Nearly 30 people signed up to speak about the plan at the meeting, with each given a minute and five seconds to voice their opinions about a plan that many said would have lasting repercussions for decades to come.

Those against Williamson 2040 worried the plan might decrease their property values by enforcing minimum lot sizes to control density in unincorporated areas outside of the urban growth boundaries of the county. Those for the plan expressed a need for the county to control its rapid growth.

Sheila King, a Williamson county landowner against the plan, said the plan would infringe on her rights as a property owner, and she urged the board to take more time in its consideration.

“We don’t make a lot of money. We really don’t,’ King said. “Our entire retirement is based on our land value, and you’re taking that individual right away from us.”

Perry Ozburn, a county resident who supported the plan’s adoption, said his family has lived in the county since 1805 and wants to preserve the county’s rural character.

“I totally reject the idea that property [values] are going to go down. I think the values will go up dramatically,” Ozburn said. “We don’t need any more gridlock, we don’t need any more congestion, we don’t need any more alternative septic systems. Just go through Nolensville at 5 o’clock—that’s what we don’t need anymore.”

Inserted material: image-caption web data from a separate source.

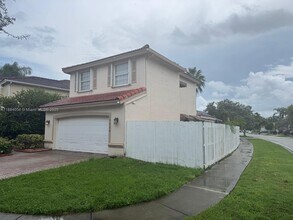 15320 SW 47th St in Miramar, FL - Building Photo - Building Photo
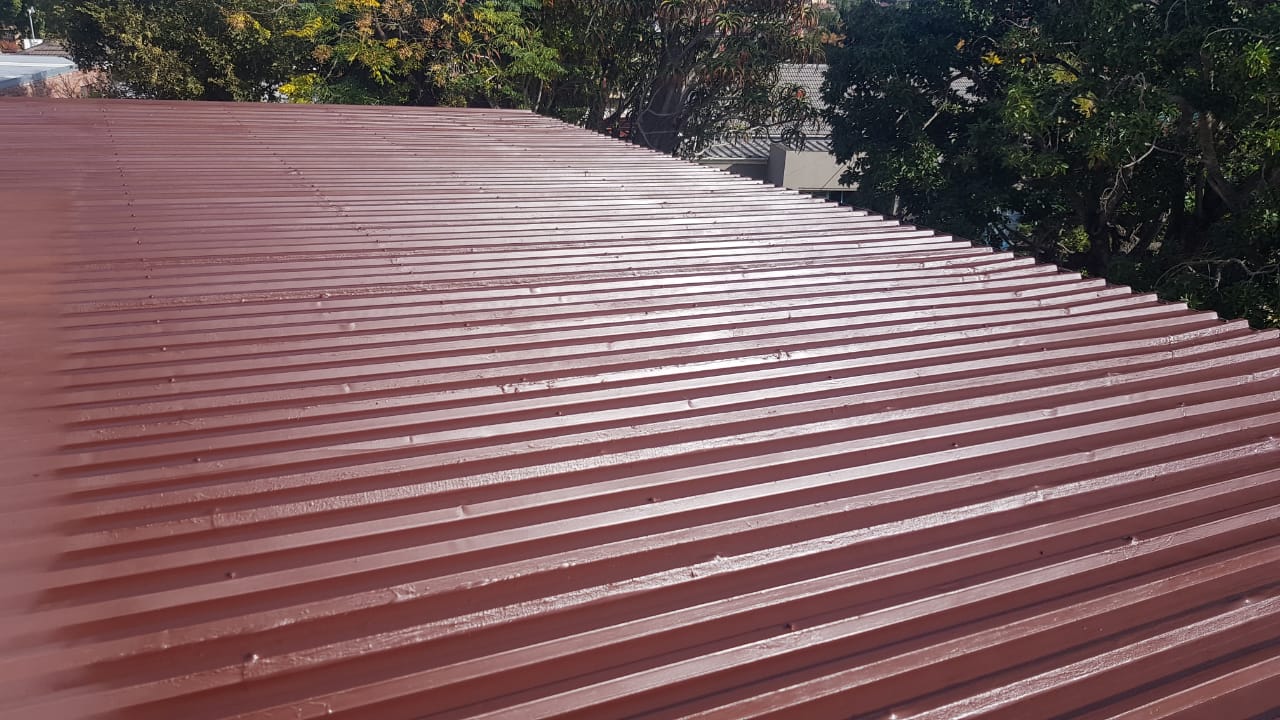 Residential roof coated with Eco Rubber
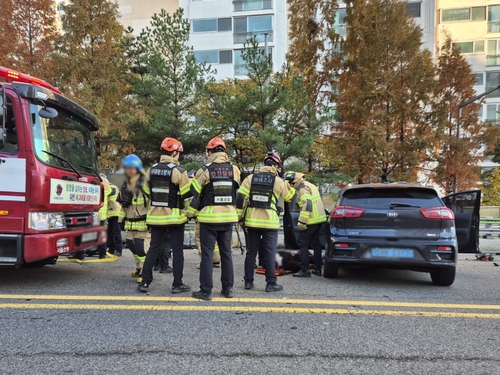 고가차도서 승용차 중앙선 넘어 다른 차 충돌…3명 부상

During a presentation of the plan before the board’s vote, Williamson County Planning Director Michael Matteson said staff had been working on the draft for 18 months, and the county had reached a “fork in the road” when it came to addressing growth, as U.S. Census Bureau projections had the population of the county more than double in size by 2040 if nothing were done.

“Regardless of which projection you look at, the fact remains that we have been seeing and are expecting to see tremendous growth, and so that really underscores the need of the county to be very deliberate and very intentional in our planning,” Matteson said.

The board ultimately approved the endorsement of the land-use plan with one dissenting vote from Commissioner Bert Chalfant. The plan will now go before the county planning commission on March 12 for approval, preceded by a public hearing regarding the plan.